This isn't either about educating the masses as some of the Climate Camp attendees seem to think. That kind of patronising zeal will hardly go down well with anyone Climate Camp comes across to 'enlighten'. This is the kind of message the media-friendly camp comes across as. Live by the media, die by the media - that's a wise a message as any which has not been learned by Jordan, Posh Spice or Climate Camp.
It's the ensemble of social relations that make a movement dynamic and going somewhere. When I was at Carnival I felt this dynamic at work. There are many, many problems at Carnival (from police repression to individuals acting act, fronting and playing the most parasitic of neo-liberal roles against others). But Carnival is still an expression of life and will of togetherness that for a moment transcends the mediocre existence we are supposed to impose upon ourselves day after day. The way to be and behave at Carnival is made and enacted by all and these come from common sense and not a list posted at the entrance point.

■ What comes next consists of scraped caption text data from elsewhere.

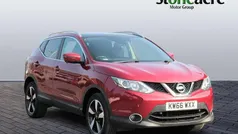 Used 2017 Nissan Qashqai N-Connecta SUV | £9,995 (Good price)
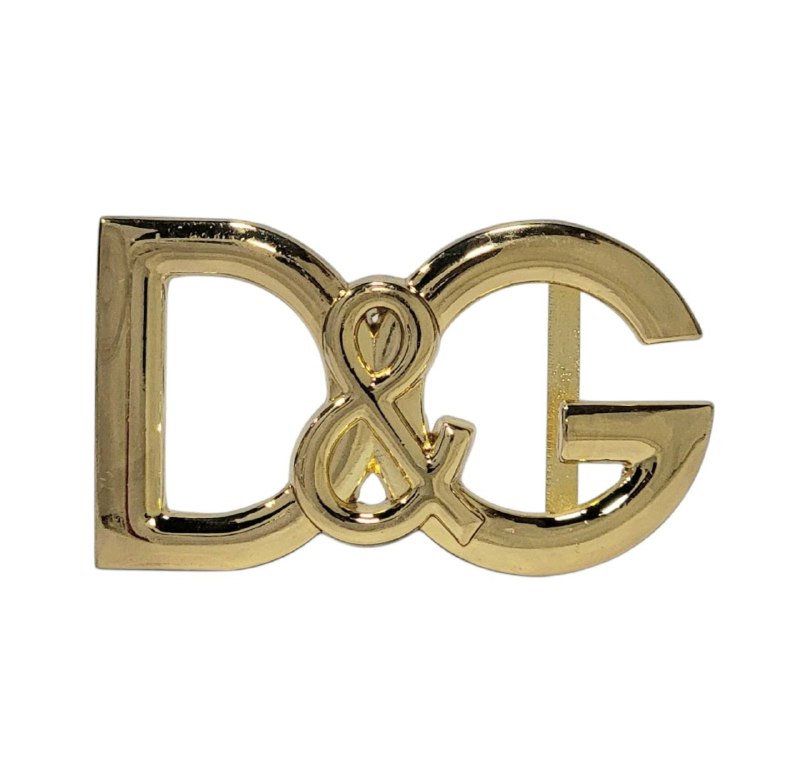 HEBILLA DE FAJA DOLCE & GABBANA DORADA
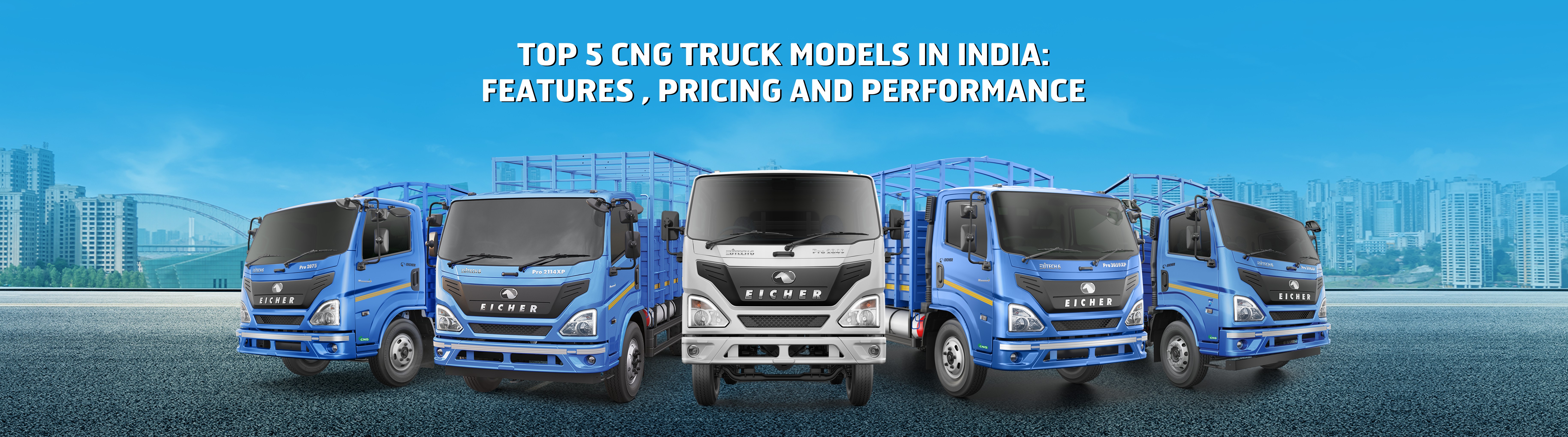 5 Best CNG Trucks In India: Technology, Features, and Payload Capacity Explored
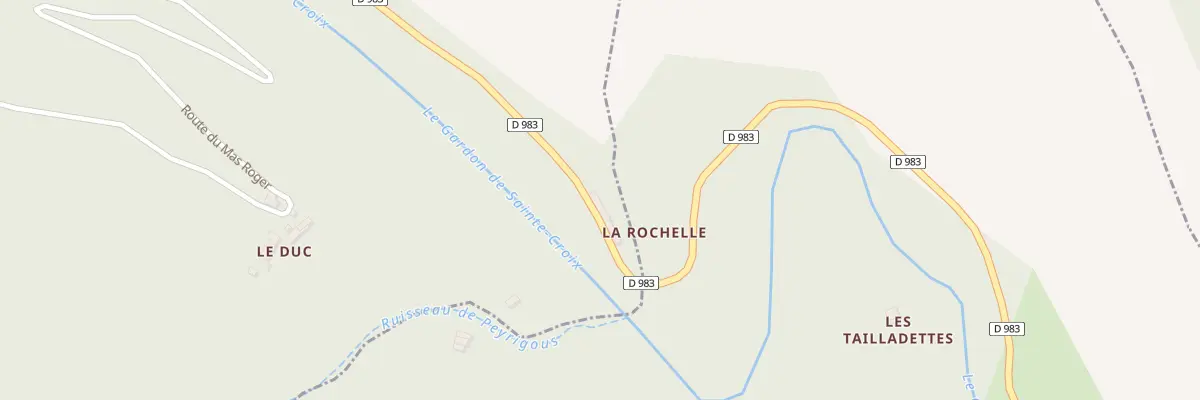 Plan du 5127 La Rochelle au Pompidou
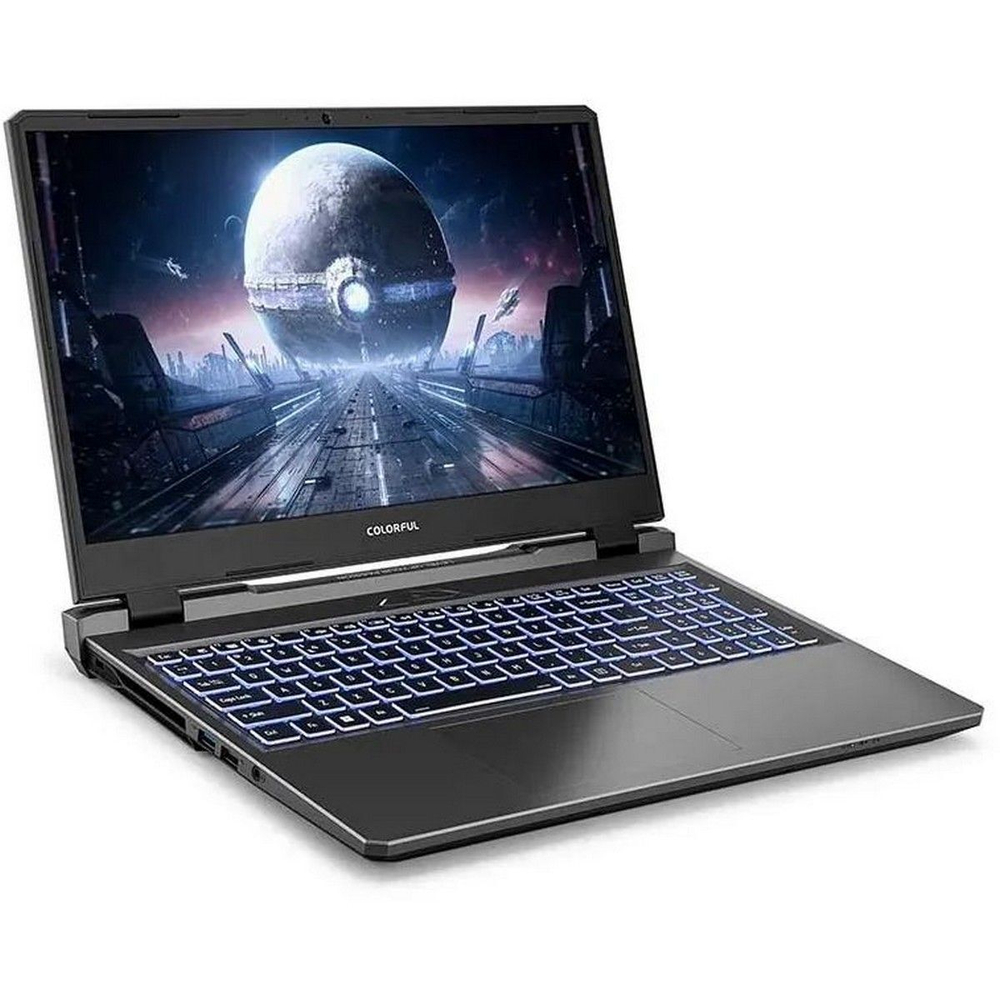 Ноутбук Colorful Evol P15 24-HD55D16512A-G-RUA-KA (A10205400051) Intel Core i5-12500H16GbSSD512GbRTX 4050 6Gb15.6IPSFHD144HzNoOSgrey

I have more hope for the future from being around a million people in Notting Hill than I do being around 2000 people on Blackheath who seemingly want to make a future world based on moralistic austerity and limits on freedoms that's premised on a hybrid of green and reformed capitalism.
My revolution wants to free up the world by taking back the land, resources, technology and providing for all instead of just a few like now. This is not a revolution for all to then consume the world to death but a revolution that is based on common-sense abundance and not austerity.